* _Task item_:
Within the listing that follows, reproduce exactly the lines starting at the line with "Ett modernt vardagsrum" and ending at the line with "2008 Nissan Frontier", inclusive, and only those. Pictures are dropped.

* _Dataset extract_:
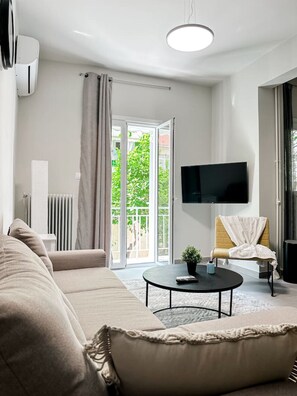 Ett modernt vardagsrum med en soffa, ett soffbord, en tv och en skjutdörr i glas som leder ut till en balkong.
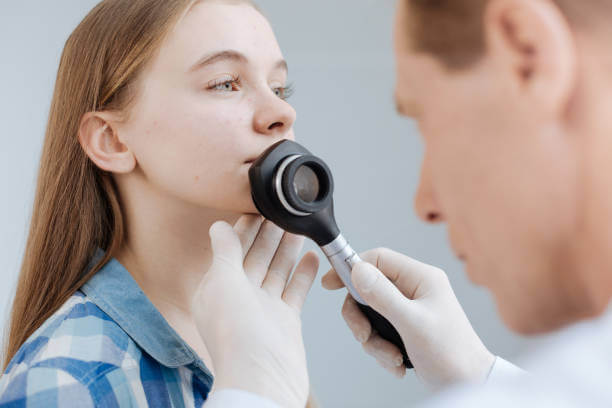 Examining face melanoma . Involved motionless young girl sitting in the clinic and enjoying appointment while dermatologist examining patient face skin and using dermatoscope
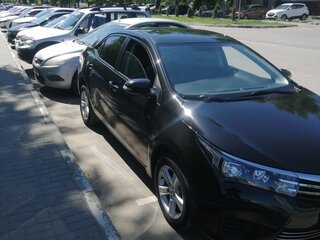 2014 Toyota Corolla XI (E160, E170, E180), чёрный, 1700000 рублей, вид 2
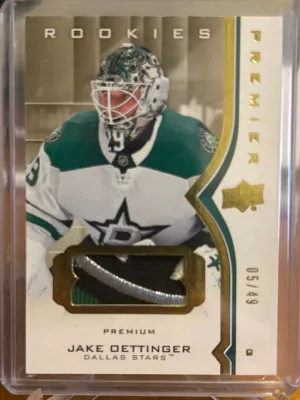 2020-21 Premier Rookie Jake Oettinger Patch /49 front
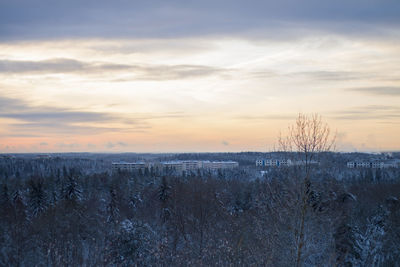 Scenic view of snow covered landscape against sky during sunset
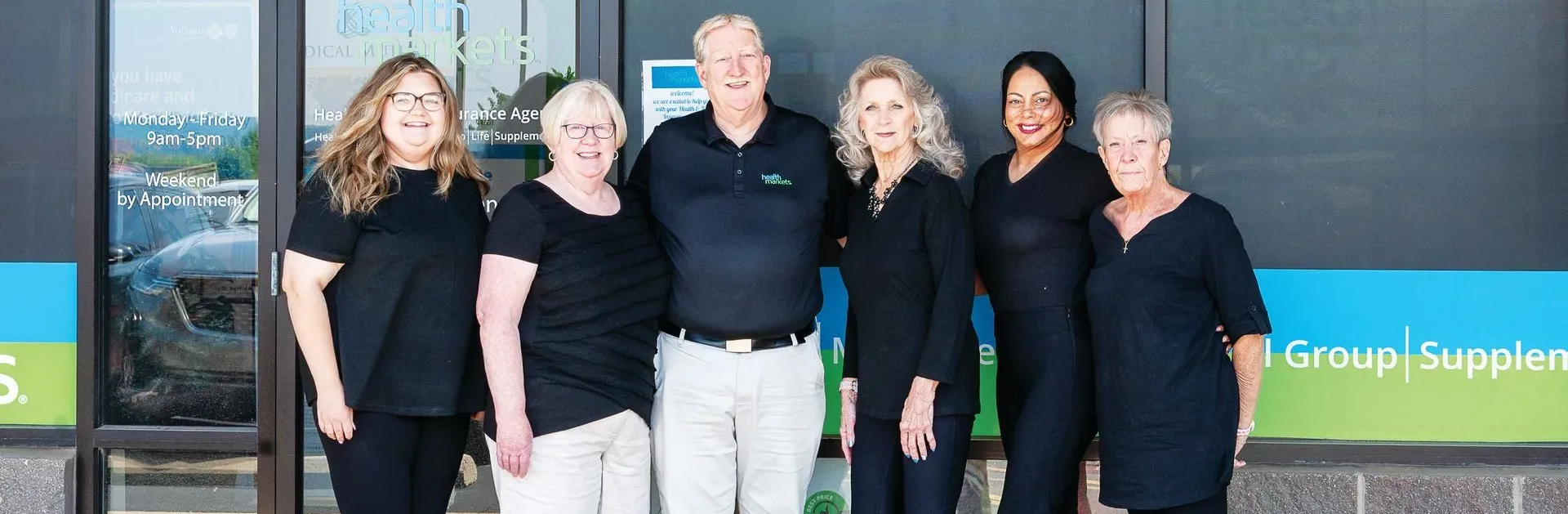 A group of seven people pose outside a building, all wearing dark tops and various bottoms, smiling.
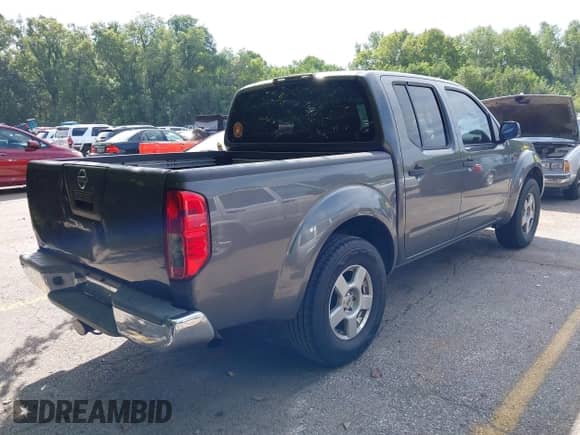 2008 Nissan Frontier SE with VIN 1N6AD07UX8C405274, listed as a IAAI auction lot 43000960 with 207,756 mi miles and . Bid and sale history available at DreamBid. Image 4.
---
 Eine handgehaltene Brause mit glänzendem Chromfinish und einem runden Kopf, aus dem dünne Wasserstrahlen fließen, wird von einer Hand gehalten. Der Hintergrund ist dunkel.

* _Solved exercise_:
 Ett modernt vardagsrum med en soffa, ett soffbord, en tv och en skjutdörr i glas som leder ut till en balkong.
 Examining face melanoma . Involved motionless young girl sitting in the clinic and enjoying appointment while dermatologist examining patient face skin and using dermatoscope
 2014 Toyota Corolla XI (E160, E170, E180), чёрный, 1700000 рублей, вид 2
 2020-21 Premier Rookie Jake Oettinger Patch /49 front
 Scenic view of snow covered landscape against sky during sunset
 A group of seven people pose outside a building, all wearing dark tops and various bottoms, smiling.
 2008 Nissan Frontier SE with VIN 1N6AD07UX8C405274, listed as a IAAI auction lot 43000960 with 207,756 mi miles and . Bid and sale history available at DreamBid. Image 4.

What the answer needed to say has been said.